Organizations can procure each of these components individually to build their own solution or purchase them as packages from vendors.
Another architectural choice involves where the registry is hosted. The registry can reside either: (1) locally (on a network server or PC within the provider organization) or (2) at an external location hosted by a vendor or another sponsor (i.e., Application Service Provider or ASP model). While local hosting provides more direct control of the data and the solution, external hosting (coupled with service-level agreements) can shift the burden of maintaining, upgrading, and supporting the registry from the provider.
Organizations interested in a registry also should consider how data will be populated. There are three main ways to populate the registry with data:
- Manually entering data by typing into defined fields in the system.
- Importing data using standards-based message formats (often HL7 or CCD) that the software can parse and automatically populate the fields.
- Combining these two approaches. While populating a registry "integrated" with an EHR system is often far from a seamless process, the main disadvantage of a stand-alone registry is the requirement for manual data entry or the need to set-up interfaces for data population from one or more separate, electronic sources.
Data included in the registry can be important in assisting clinicians with appropriate preventive maintenance and disease management.
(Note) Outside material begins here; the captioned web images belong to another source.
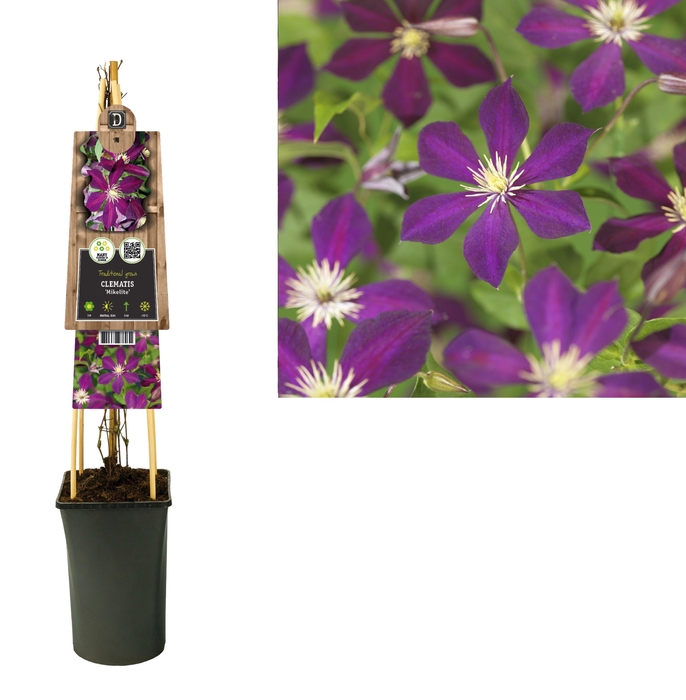 <h4>Clematis 'Mikelite' +3.0 label</h4>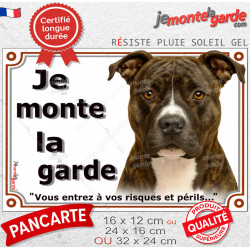 Amstaff bringé, plaque portail extérieure "Je Monte la Garde, entrez à vos risques et périls" photo American Staff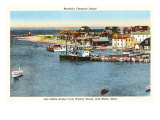 Martha's Vineyard  Massachusetts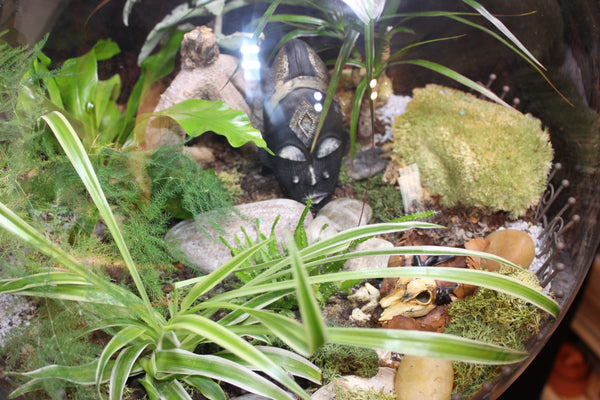 Terrarium mini planten (BOL45)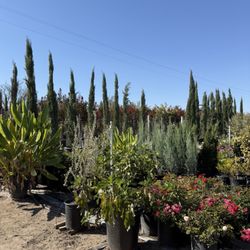 Stepping Stone Nursery - Huge selection!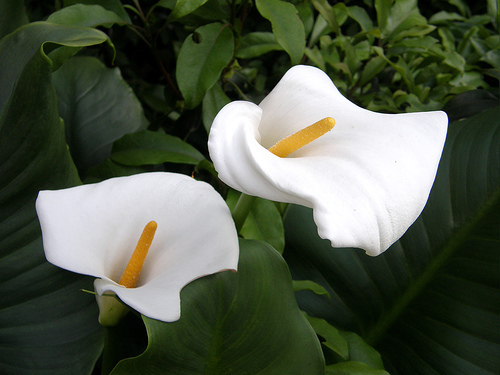 calla-lily - Beautifull nature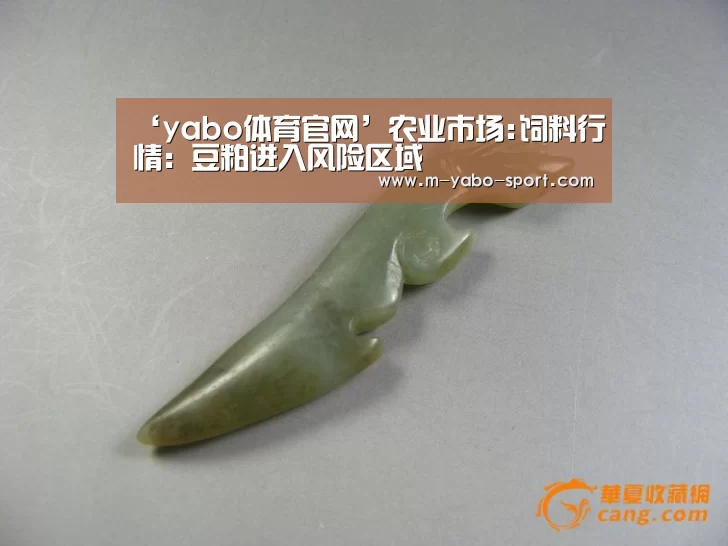 ‘yabo体育官网’农业市场:饲料行情:豆粕进入风险区域(图1) yabo体育app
For example, if the clinician is monitoring the care and health of his/her diabetic patients, the registry could include data such as the date of the patient's last hemoglobin A1C tests and the results as well as other clinical information, including additional diagnostic testing results, medication lists, and the history of compliance with recommended guidelines. Some registries with more advanced features may include clinical decision support functionality that can prompt users with care recommendations.
Computerized disease registries allow providers to:
- Create patient reports to be used at the point-of-care.
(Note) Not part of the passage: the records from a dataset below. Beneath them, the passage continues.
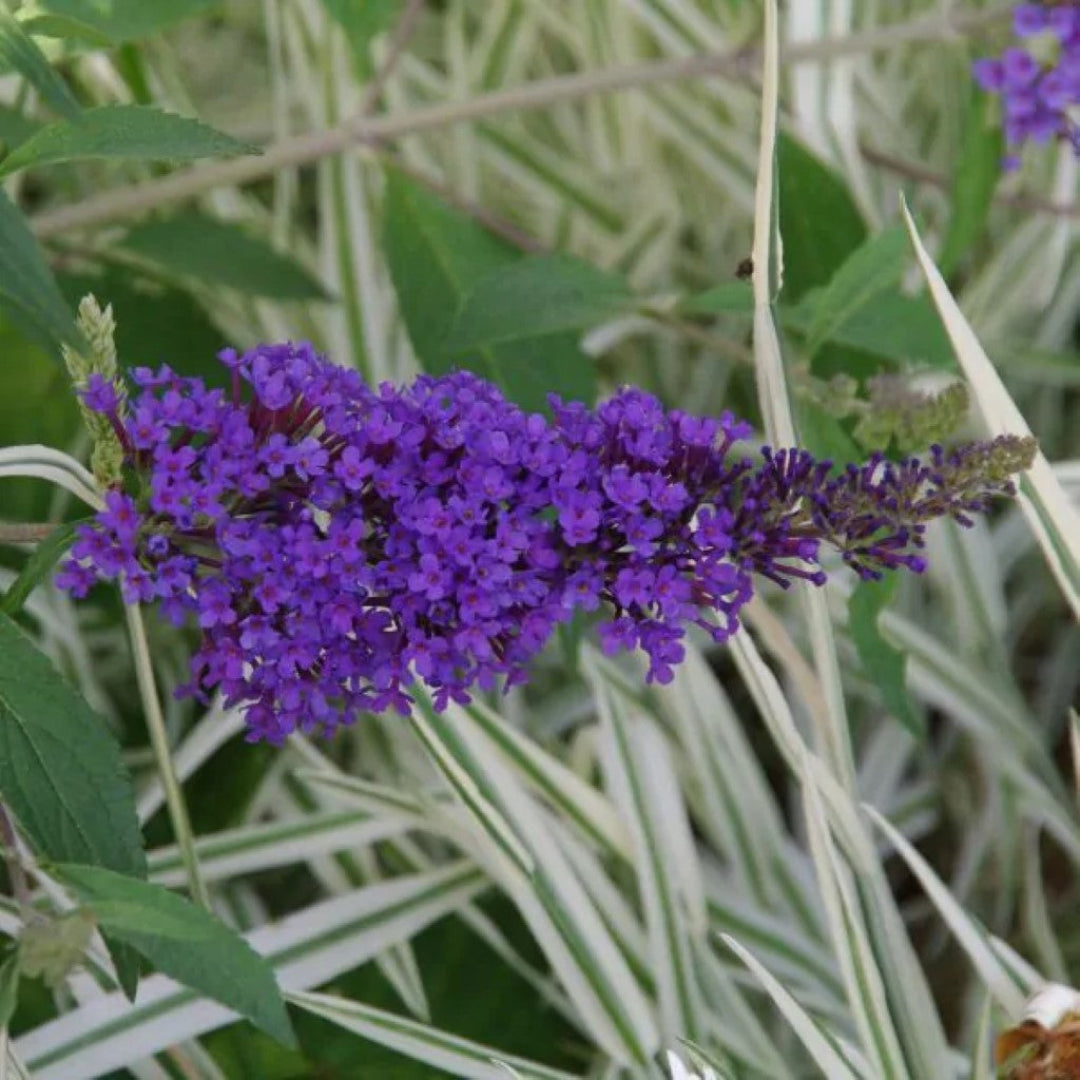 lavender butterfly plant Buzz Lavender Butterfly Bush buy online plants and trees at pixies Gardens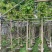 大叶紫薇5～10公分基地直销规格齐全欢迎老板来电咨询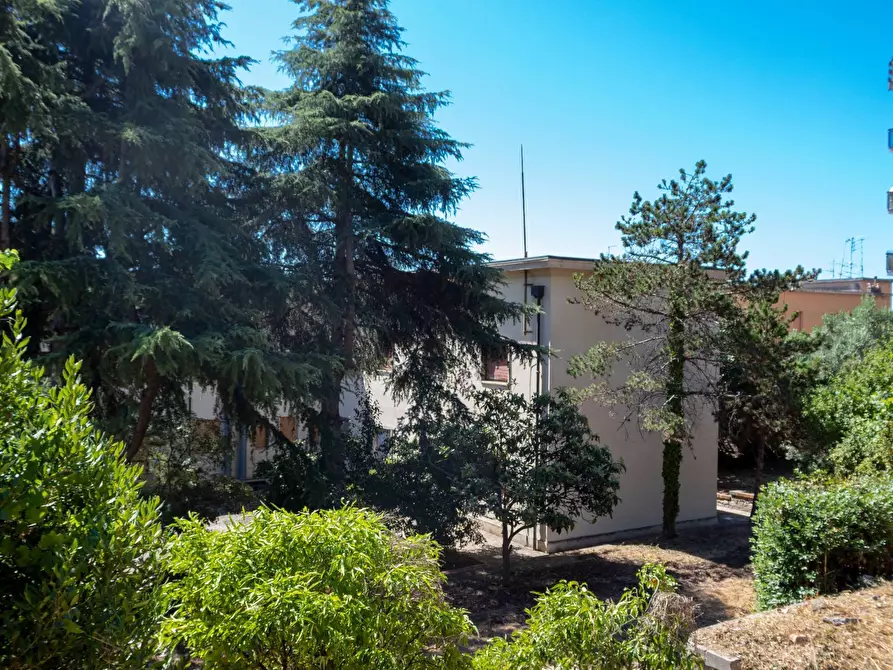 Immagine 25 di Ufficio in affitto  in Viale Matteotti a Imperia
- Generate exception reports to identify patients who are not meeting management goals.
- Develop progress reports to examine provider and staff performance in delivering recommended care.
- Produce population reports to monitor and stratify patients.
In addition, computerized registries can support internal and external quality improvement and reporting requirements. While computerized disease registries do improve providers' capabilities with regard to identifying and following up with patients who have gaps in their care, they do have limitations. Most significantly, the majority of computerized disease registries manage only selected information related to a few diseases. Also, often the data included is not the legal documentation of care. Thus, with stand-alone computerized disease registry products, providers need to have other means for maintaining patients' health records and billing, either electronically or on paper.
Nonetheless, computerized disease registries are important tools for supporting care delivery and prevention for patients with chronic diseases. As with any health information technology (health IT) tool, the implementation of a computerized disease registry in a provider practice should include workflow analyses to ensure that the functionality is being used appropriately and optimally.